You are a good boy/girl, so you have read all of Cray’s marketing brochures. Link-level error detection is soooo cool, it just has to be what you need to scale.

OS jitter: “Beyond eight nodes our implementation essentially stops scaling. Since the cluster runs vanilla [insert your dearly hated distro here] Linux OS images, operating system noise (“OS jitter”) is the likely cause for this failure.

My all-time favorite. This Linux c**p is beyond contempt.

The list can be extended, of course. Whatever technical detail you choose, make sure to pick one that is widely misunderstood or has a reputation of being evil, very complicated, hard to understand, and whose responsibility for your problem is next to impossible to prove. Note the peculiar diction; be noncommittal and use “may explain,” “could be,” “likely,” “presumably,” etc., so you won’t be accountable in case you’re proven wrong.

Fooling the masses – Stunt 12: Redefine “performance” to suit your needs!

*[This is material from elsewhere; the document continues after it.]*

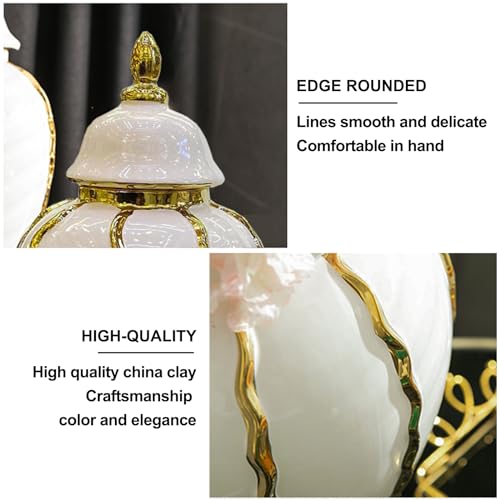 Ginger Jar, White Gold Ceramic Vase Large Handmade Porcelain Vases with Lid, White Gold Decorative Flower Vase for Home, Living Room, Weddings, Centerpieces (14in with Lid) - size: A-Gold-Medium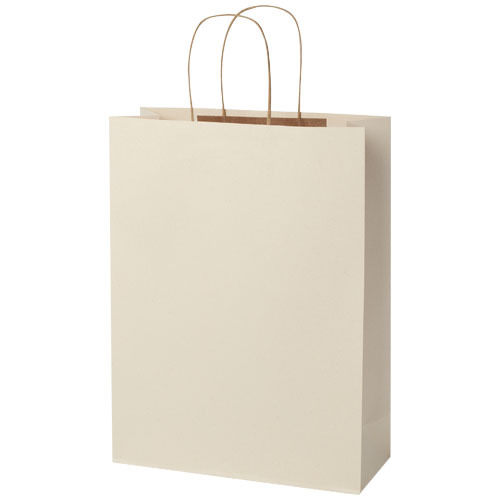 Torba papierowa z odpadów rolniczych ze skręcanymi uchwytami – 31 x 12 x 41 cm Złamana biel 1ZM00501 (3)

(See the prelude for some general information on what this is all about)

There is actually a very clear definition of the term “performance” in HPC: “performance” is “work” divided by “time.” You may think about “work” as “the problem”; occasionally, Flops is a possible (but easily manipulable) measure. “Time” is the overall wall-clock time to do the work, including everything that needs to be done but counts as overhead, such as communication and synchronization. If you look at performance with respect to parallel resources, i.e., if you want to know how performance scales with the number of workers, the same formula applies – to strong and to weak scaling alike.

Now sometimes the performance results for your parallel program are … mediocre. There may be two reasons for this:

  • Scalability is good but your single-core or single-node performance sucks. This is may be a consequence of your applying stunt 2, either by accident or on purpose. If you only show speedups (see stunt 1) you will be fine; however, sometimes it is not so easy to get away with this.
  • Single-core and single-socket performance is good (i.e., you understand and hit the relevant bottleneck[s]), but scalability is bad. You know the culprits: load imbalance, insufficient parallel work, communication, synchronization.

Either way, you probably don’t want to show actual performance numbers or data about time to solution. As it happens there is a host of options you can choose from. You can certainly play around with the “time” component in the performance calculation, as shown in stunt 5 and stunt 9, or quietly invoke weak scaling as shown in stunt 4. Here are some popular and more imaginative examples:

Employ “floptimization:” Throw in some extra Flops to make the CPU perform more “work” at hardly any extra cost; often there is at least some headroom in the floating-point pipelines when running real applications. Accumulating something in a register is a classic:

  for(s=0.0, i=0; i<N; ++i) {
    p[i] = f(q[i]); // actual work
    s += p[i];      // floptimization
  }

Even if the sum over all elements of p[] is not needed at all, it’s one more Flop per iteration, it boosts your flop rate, and it will usually not impact your time to solution! If you do it right, only the sky is the limit.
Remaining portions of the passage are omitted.